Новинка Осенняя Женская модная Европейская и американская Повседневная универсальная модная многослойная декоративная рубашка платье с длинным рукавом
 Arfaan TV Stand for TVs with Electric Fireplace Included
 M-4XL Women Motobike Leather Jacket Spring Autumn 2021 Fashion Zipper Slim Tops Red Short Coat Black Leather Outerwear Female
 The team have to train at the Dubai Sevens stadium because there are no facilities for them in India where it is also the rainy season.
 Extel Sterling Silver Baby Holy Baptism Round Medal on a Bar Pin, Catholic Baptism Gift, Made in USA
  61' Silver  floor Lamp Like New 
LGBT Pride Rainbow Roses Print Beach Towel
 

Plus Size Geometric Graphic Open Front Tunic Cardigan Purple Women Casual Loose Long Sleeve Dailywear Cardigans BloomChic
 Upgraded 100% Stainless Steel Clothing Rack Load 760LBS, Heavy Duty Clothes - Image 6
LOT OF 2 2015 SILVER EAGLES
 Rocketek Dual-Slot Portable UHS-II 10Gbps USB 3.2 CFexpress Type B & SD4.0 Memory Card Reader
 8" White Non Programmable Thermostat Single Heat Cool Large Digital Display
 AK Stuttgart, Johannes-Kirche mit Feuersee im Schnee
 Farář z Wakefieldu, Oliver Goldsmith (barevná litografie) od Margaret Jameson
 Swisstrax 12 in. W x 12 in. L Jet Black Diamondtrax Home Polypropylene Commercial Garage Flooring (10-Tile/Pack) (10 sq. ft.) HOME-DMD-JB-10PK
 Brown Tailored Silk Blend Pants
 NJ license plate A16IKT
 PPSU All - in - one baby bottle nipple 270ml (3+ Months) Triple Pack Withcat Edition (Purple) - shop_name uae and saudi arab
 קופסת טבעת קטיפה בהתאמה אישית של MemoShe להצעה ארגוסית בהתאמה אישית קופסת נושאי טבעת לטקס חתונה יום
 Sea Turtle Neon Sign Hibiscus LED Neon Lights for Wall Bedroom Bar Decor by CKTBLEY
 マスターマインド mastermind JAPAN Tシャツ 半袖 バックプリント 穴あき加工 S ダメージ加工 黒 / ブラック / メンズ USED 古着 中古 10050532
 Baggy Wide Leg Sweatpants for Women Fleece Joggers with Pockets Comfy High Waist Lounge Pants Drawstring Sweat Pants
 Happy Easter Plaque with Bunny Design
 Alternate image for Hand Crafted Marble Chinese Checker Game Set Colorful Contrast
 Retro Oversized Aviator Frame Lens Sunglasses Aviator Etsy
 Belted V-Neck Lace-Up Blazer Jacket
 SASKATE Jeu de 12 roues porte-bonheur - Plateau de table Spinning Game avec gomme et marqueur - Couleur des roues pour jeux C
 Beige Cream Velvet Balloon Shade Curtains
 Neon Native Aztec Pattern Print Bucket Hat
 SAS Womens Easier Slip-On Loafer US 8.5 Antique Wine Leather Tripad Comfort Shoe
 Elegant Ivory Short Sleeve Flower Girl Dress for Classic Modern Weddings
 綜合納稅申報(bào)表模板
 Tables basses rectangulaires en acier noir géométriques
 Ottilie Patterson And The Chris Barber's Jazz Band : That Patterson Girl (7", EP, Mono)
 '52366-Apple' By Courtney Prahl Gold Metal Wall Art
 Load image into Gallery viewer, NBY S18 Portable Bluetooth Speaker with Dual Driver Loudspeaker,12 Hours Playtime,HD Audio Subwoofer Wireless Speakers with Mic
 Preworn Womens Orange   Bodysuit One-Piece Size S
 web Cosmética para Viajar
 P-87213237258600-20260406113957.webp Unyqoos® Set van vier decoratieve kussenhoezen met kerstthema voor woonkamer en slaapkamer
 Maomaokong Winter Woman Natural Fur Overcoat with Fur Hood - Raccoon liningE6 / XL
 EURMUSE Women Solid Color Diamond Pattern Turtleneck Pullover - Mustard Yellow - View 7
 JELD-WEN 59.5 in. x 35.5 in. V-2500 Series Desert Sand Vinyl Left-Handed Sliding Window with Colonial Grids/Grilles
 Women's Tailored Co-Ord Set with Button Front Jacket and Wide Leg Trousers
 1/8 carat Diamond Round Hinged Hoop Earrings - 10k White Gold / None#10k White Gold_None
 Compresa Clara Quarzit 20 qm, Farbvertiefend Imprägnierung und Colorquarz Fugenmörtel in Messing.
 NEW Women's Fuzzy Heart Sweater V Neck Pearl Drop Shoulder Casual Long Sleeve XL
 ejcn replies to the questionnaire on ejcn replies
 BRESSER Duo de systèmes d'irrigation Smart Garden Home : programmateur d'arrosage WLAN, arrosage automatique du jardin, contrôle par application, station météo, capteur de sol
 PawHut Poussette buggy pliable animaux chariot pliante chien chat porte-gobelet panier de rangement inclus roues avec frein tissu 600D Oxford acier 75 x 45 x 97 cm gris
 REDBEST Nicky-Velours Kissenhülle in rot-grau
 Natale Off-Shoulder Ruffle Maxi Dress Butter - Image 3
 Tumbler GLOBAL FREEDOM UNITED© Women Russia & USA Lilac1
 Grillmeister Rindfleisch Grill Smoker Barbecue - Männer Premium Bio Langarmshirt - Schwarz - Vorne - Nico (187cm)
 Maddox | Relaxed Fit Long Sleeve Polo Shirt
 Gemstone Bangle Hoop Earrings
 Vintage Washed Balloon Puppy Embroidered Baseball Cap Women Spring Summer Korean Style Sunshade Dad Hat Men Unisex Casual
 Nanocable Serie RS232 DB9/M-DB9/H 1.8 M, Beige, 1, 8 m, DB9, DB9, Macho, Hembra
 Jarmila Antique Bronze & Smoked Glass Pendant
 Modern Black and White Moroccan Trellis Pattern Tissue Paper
====
### EXERCISE GOAL
Check each line above for the word "Tailored" and copy the ones that have it.

### ANSWER FOR THIS EXERCISE
 Brown Tailored Silk Blend Pants
 Women's Tailored Co-Ord Set with Button Front Jacket and Wide Leg Trousers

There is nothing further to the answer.